Thursday, October 05, 2006

Namibian Job Stress

An empty classroom on a quiet Thursday afternoon.

Well, it's been nearly two solid weeks since a teacher attempted to give a lesson at my school.  Four weeks ago, at the beginning of the term, things seemed to be going well.  Most classes were reviewing material for the upcoming tests.  But then Day of the African Child came.  Any excuse to not teach is received warmly by both teachers and learners, thus that Thursday nothing happened with the exception of a few dramas and songs by the choir.  Of course, in anticipation of this blessed event, nothing much happened on the three school days leading up this day.  And who can work on a Friday when nothing was done all week?  So Friday most of the teachers didn't even bother coming to work.

So, one week of few studies down, you'd think we would be ready to hit the books again, right?  Yeah, you guessed it.  Monday we had a surprise HIV/AIDS program put on by a church down the street.  Tuesday was normal except no one taught and all the learners were held in their register classes all day.  I still have no idea why.  Wednesday we had a mysterious guest from another country who after meeting I still cannot figure out what they were doing here. 

A baron school except for two 12th grade learners who are "studying"

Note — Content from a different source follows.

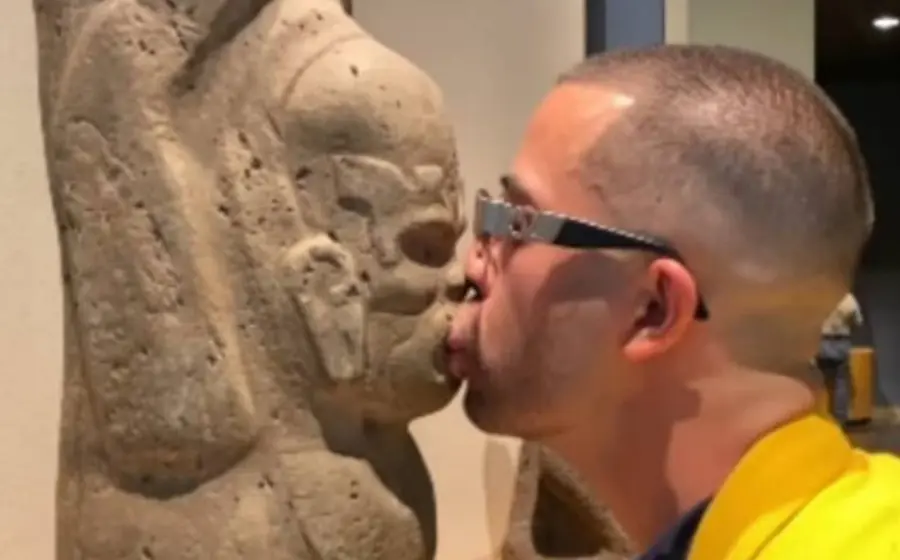Perfomance de besos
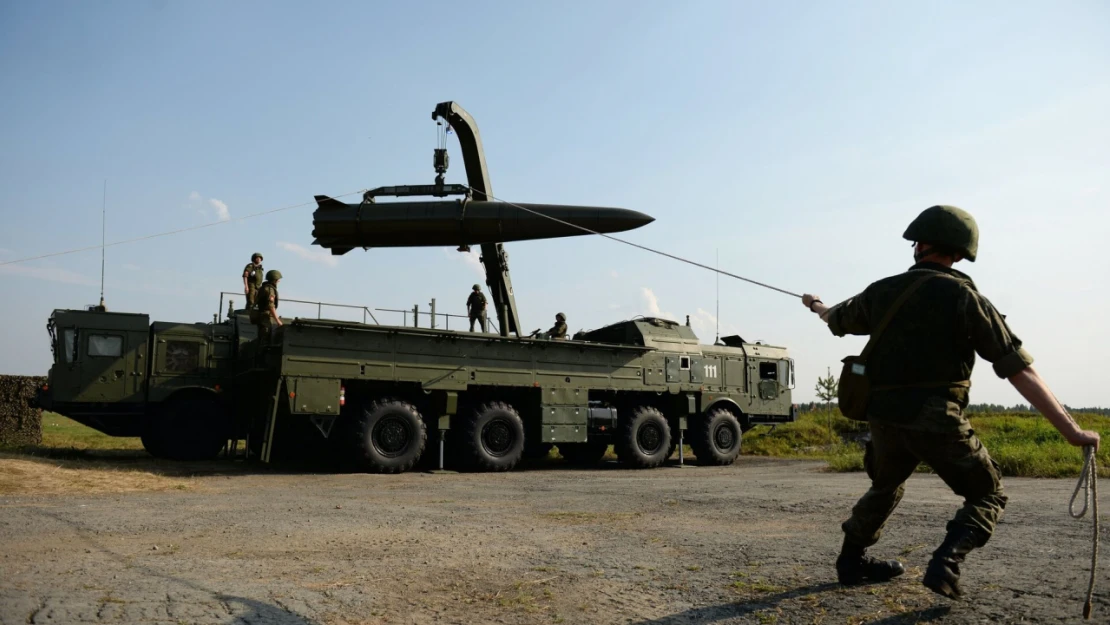 Rus parlamentosundan nükleer denemeleri yasaklayan anlaşmadan çekilmeyi içeren yasa tasarısına onay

Then there's today, Thursday.  The day before our prize giving ceremony.  I've spent a good part of the entire week printing certificates for classes, clubs, subjects, departments, sports teams and just about anything else that happened at school this year.  More than 800 certificates, including the 232 computer class certificates I'm handing out.  But we didn't teach today; not because we were preparing for the ceremony tomorrow, but rather because it's national Teacher's day.  So everyone went home at 10.  Leaving me here, alone, printing certificates.  Yeaaah...  Can you feel my enthusiasm?

I have no idea what to expect tomorrow.  But my prediction is this: Our scheduled start of 7:00 will be pushed to 9:00.  Our scheduled closing time of 11:00 (since the church that is hosting us has an event then) will force us to stop and continue the ceremony somewhere else, probably outside in the brick common area at the school.  I may or may not get to hand out the computer class certificates as I'm last on the schedule.  We'll see. 

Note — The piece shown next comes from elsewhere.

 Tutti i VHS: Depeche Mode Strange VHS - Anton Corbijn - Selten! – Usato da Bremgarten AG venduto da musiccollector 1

Now, if you've read this far you're probably thinking that I'm bitter or angry or stressed.  Nope.  The great thing about working here is that there is no expectation that you will get your work done.  People don't even expect you to deliver work you say you'll do.  So even though I'm sitting here waiting for more paper to get delivered so I can print the remaining 100 certificates and wondering how we are going to stamp 600 certificates tomorrow (since no one wanted to buy ink for the stamp today), I'm not worried.  It's like I'm attending someone else's party, and I'm just helping out. 

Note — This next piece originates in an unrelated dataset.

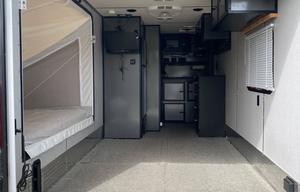 2015 Quicksilver VRV 8.5 x 24 RV rental photo 9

I call this African Stress.  I'm trying to finish a job, but not worried if it will actually happen, and overall curious about how it will all come together.  It's nothing like the stress in the States. In the States you can feel your insides churning as you worry intensely about timing and productivity.  But here I am, in the middle of Africa, and somehow I know that all these problems will either work themselves out or remain problems, either way this prize giving ceremony will be done by this time tomorrow.  Anything else is a bonus.